(Records from a data collection)
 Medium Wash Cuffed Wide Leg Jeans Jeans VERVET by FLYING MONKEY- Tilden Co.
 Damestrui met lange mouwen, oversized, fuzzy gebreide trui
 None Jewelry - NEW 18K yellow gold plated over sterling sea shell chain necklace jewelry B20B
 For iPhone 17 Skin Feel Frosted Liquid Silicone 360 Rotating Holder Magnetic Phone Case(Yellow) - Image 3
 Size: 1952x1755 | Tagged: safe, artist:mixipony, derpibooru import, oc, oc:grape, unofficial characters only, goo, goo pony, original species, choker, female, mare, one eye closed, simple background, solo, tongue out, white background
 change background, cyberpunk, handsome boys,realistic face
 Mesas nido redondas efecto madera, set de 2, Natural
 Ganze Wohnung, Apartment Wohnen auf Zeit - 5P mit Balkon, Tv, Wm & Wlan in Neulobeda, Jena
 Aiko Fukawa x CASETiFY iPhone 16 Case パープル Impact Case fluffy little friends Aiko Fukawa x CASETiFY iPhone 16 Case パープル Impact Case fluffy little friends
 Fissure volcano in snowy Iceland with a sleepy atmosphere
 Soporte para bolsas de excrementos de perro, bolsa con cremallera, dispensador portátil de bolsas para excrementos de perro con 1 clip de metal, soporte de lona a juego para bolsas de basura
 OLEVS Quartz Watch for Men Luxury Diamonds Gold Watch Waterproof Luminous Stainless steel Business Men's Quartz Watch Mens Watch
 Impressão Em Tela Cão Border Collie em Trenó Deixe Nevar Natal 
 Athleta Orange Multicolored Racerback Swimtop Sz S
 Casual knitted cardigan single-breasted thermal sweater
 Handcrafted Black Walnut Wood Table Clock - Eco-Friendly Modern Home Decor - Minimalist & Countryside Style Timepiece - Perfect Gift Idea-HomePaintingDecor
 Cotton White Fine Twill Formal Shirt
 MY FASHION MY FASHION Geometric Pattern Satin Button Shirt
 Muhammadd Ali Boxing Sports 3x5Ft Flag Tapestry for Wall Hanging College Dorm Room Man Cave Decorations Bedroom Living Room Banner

◆ INSTRUCTIONS FOR THE TASK
The records above should be repeated word for word.

◆ FINISHED EXERCISE
 Medium Wash Cuffed Wide Leg Jeans Jeans VERVET by FLYING MONKEY- Tilden Co.
 Damestrui met lange mouwen, oversized, fuzzy gebreide trui
 None Jewelry - NEW 18K yellow gold plated over sterling sea shell chain necklace jewelry B20B
 For iPhone 17 Skin Feel Frosted Liquid Silicone 360 Rotating Holder Magnetic Phone Case(Yellow) - Image 3
 Size: 1952x1755 | Tagged: safe, artist:mixipony, derpibooru import, oc, oc:grape, unofficial characters only, goo, goo pony, original species, choker, female, mare, one eye closed, simple background, solo, tongue out, white background
 change background, cyberpunk, handsome boys,realistic face
 Mesas nido redondas efecto madera, set de 2, Natural
 Ganze Wohnung, Apartment Wohnen auf Zeit - 5P mit Balkon, Tv, Wm & Wlan in Neulobeda, Jena
 Aiko Fukawa x CASETiFY iPhone 16 Case パープル Impact Case fluffy little friends Aiko Fukawa x CASETiFY iPhone 16 Case パープル Impact Case fluffy little friends
 Fissure volcano in snowy Iceland with a sleepy atmosphere
 Soporte para bolsas de excrementos de perro, bolsa con cremallera, dispensador portátil de bolsas para excrementos de perro con 1 clip de metal, soporte de lona a juego para bolsas de basura
 OLEVS Quartz Watch for Men Luxury Diamonds Gold Watch Waterproof Luminous Stainless steel Business Men's Quartz Watch Mens Watch
 Impressão Em Tela Cão Border Collie em Trenó Deixe Nevar Natal 
 Athleta Orange Multicolored Racerback Swimtop Sz S
 Casual knitted cardigan single-breasted thermal sweater
 Handcrafted Black Walnut Wood Table Clock - Eco-Friendly Modern Home Decor - Minimalist & Countryside Style Timepiece - Perfect Gift Idea-HomePaintingDecor
 Cotton White Fine Twill Formal Shirt
 MY FASHION MY FASHION Geometric Pattern Satin Button Shirt
 Muhammadd Ali Boxing Sports 3x5Ft Flag Tapestry for Wall Hanging College Dorm Room Man Cave Decorations Bedroom Living Room Banner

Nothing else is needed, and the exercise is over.